Understanding ROE (Part 5)
Posted by Mark on April 2, 2026 at 06:53 | Last modified: April 23, 2026 07:41I want to finish the mini-series by presenting some cases where return on equity (ROE) seems nonsensical and may be misinterpreted.
The first case is Booking Holdings (BKNG). Per Google AI, TTM ROE is 97% as of Apr 2026.
In my opinion, 97% ROE falls under the “too good to be true” category, but this is not unusual for BKNG. Pre-Pandemic (2019), ROE is a more “normal” but still strong 82%. In ’22, ROE is 110%, a sharp increase from previous years driven by recovery in travel demand and increased financial leverage. ROE fluctuates wildly from ’23–’25, often appearing highly positive (e.g. 156% in ’23).
ROE is a complex and potentially misleading metric for BKNG because it operates with negative shareholder equity. The impressive percentage turned up by some traditional screens is a mathematical quirk of having a negative denominator [recall (1) here]. BKNG reports shareholder equity of -$5.6B in ’25 largely driven by aggressive share buybacks and debt-financed capital allocation. The negative shareholder equity is not due to operational losses, though. In fact, BKNG remains highly profitable with $5.4B TTM net income.
Despite negative shareholder equity, some sites will report positive ROE due to a programming shortfall. It should be reported as a negative figure or “N/A.” Instead, sites like FinanceCharts.com use absolute values or specific internal logic to show a performance percentage when there really isn’t one. The positive percentage is a ghost metric.

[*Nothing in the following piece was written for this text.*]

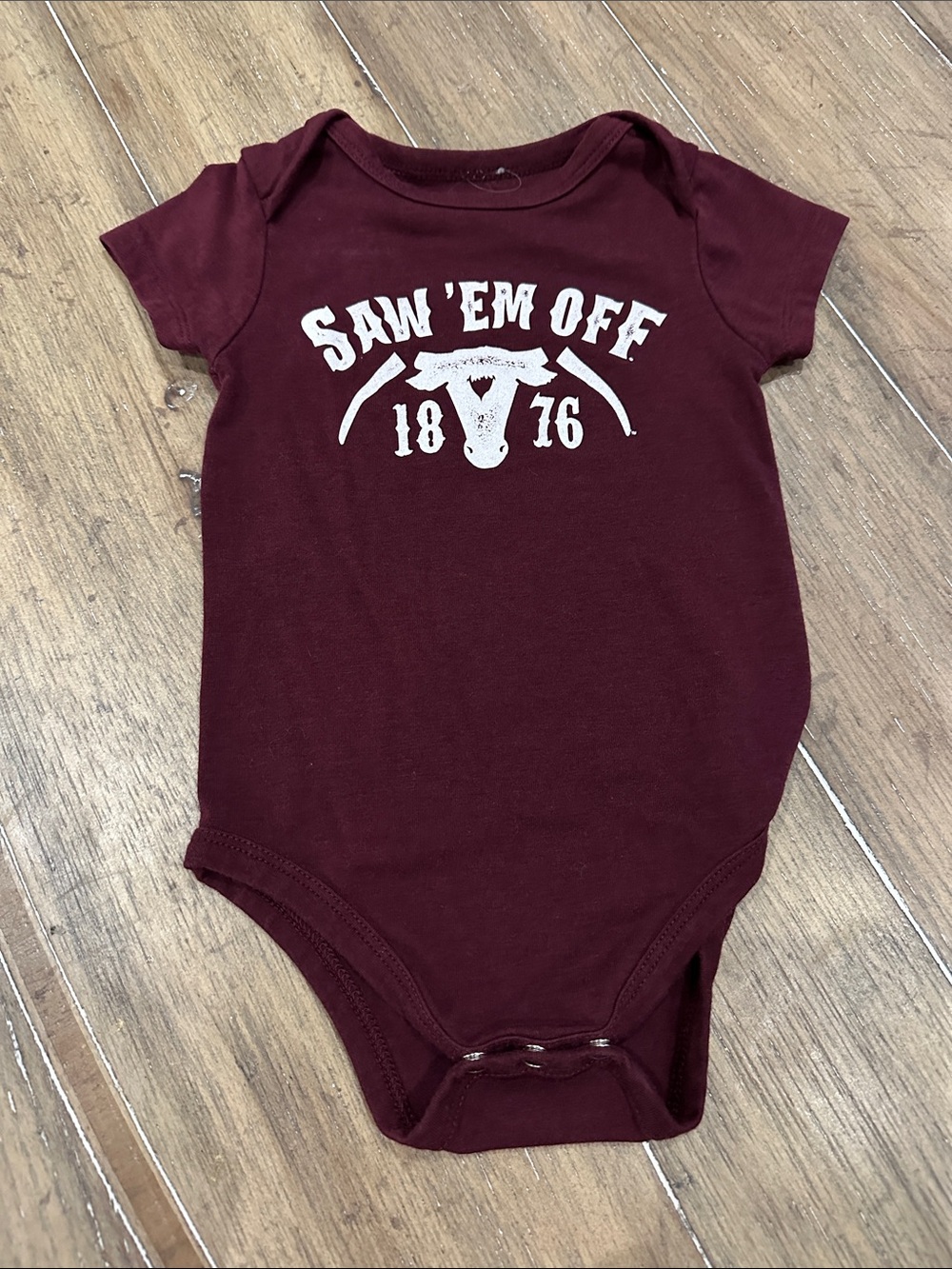 Kids Maroon 'Saw 'Em Off' One-Piece Bodysuit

Platforms such as Wisesheets.io report the same data as negative ROE or “N/A” following standard application of the formula with shareholder equity of -$5.6B (i.e. a shareholder deficit) at the end of 2025 divided into positive net income.
The reality is a highly profitable BKNG [$5.4B net income for ’25, as mentioned above] that has wiped out its equity book value through massive share buybacks rather than business losses. Negative equity is a deliberate management decision rather than a sign of operational failure.
For stock analysis when shareholder equity is negative, it can help to:
- Use Return on Invested Capital (ROIC) to see how well the company uses all its capital (equity and debt). BKNG recently reported an ROIC of 43.7%, which remains a valid and strongly positive number.
- Focus on cash flow metrics like Free Cash Flow (FCF) and FCF Yield to study how the company generates cash regardless of its accounting book value. BKNG grew FCF 15.1% in 2025.
- Evaluate solvency by interest coverage rather than Debt-to-Equity. 13.6 interest coverage indicates well-managed debt.